De nombreuses personnalités de Canal+ ont par la suite quitté la chaîne sous l’ère Bolloré, cible de nombreuses critiques. Vous avez choisi de rester. Pour quoi ?
Parce que cette chaîne fait partie de mon ADN, comme j’en fais partie et j’ai des habitudes de travail et une liberté sur Canal que j’ai du mal à imaginer ailleurs. Personnellement, je n’ai jamais eu à souffrir de la gestion de Bolloré.
J’ai continué à faire des spectacles, y compris des programmes très expérimentaux, comme « La Gaule d’Antoine », pendant trois ans. Je n’aurais pas pu le faire ailleurs. Je suis donc chez Canal et je ne compte pas m’y installer.
Mais que reste-t-il aujourd’hui de l’esprit originel de Canal ?
Beaucoup de choses. Il reste dans la création originale le goût du risque, lorsqu’on réalise des séries comme « D’argent et de sang », ou « La Fever ». Il y a des séries assez radicales que je n’imagine pas voir ailleurs.
Il y a tous les programmes courts, avec les nouvelles générations d’humoristes, Bertrand Usclat, Kyan Khojandi… Il y a ce que fait Mouloud Achour, qui donne la parole à des gens qu’on n’entend pas ailleurs.

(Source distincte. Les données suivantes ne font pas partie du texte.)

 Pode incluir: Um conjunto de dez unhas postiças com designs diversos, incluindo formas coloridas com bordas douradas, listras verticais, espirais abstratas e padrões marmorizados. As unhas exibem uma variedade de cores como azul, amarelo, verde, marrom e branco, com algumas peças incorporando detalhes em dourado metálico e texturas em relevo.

Il y a toujours Grosland. Je m’y retrouve.
Cela s’est transformé, évidemment, on est beaucoup plus plus proche, aujourd’hui, d’une plateforme que d’une chaîne de télévision, comme à l’époque. Mais pour moi, les fondamentaux créatifs sont toujours là.
Les Guignols de l’actualité ne vous manquent pas ?
Oui, je regrette qu’il n’y ait plus les Deschiens aussi. Ce n’est pas moi qui prends ces décisions économiques et industrielles. Les meilleures choses s’arrêtent et ont une fin. Quand j’arrive à la fin d’une série et qu’elle n’est pas renouvelée, cela ne me dérange pas. Cela fait partie des règles du jeu.
Conservez-vous vraiment une totale liberté de ton et d’action en ce qui vous concerne ?
Oui, je fabrique la télévision que je veux faire. J’ai une totale liberté de mouvement.
Avec la disparition annoncée de C8 de la TNT, sur décision de l’Arcom, Cyril Hanouna a annoncé qu’il resterait dans le groupe Canal+. Quelle sera sa place ?
Aucune idée, je ne sais pas s’il arrivera sur la chaîne Canal ou pas, cela n’a pas été annoncé, du moins à ce stade. Je suis sur ce fleuron de Canal+, il y a d’autres sociétés du groupe avec lesquelles il n’y a aucun lien ni relation particulière.
A quoi ressemblera la soirée spéciale organisée ce 4 novembre à l’occasion des 40 ans de Canal ?
Nous avons fait appel à beaucoup de talents de la chaîne, de Mathieu Kassovitz à Stéphane De Groodt, en passant par Doria Tillier, Florence Foresti, M. Poulpe et bien d’autres pour réaliser plein de petites magnétos. C’est une sorte de chaîne de replay.
Ce n’est pas du tout une émission « Les enfants de la télé » où l’on ouvre des placards et feuillette d’anciennes archives. L’idée n’est pas du tout de faire un truc nostalgique « regardez comme nous étions belles et comme nous serons belles ». C’est un spectacle moderne et joyeux, avec des talents qui travaillent avec des idées amusantes.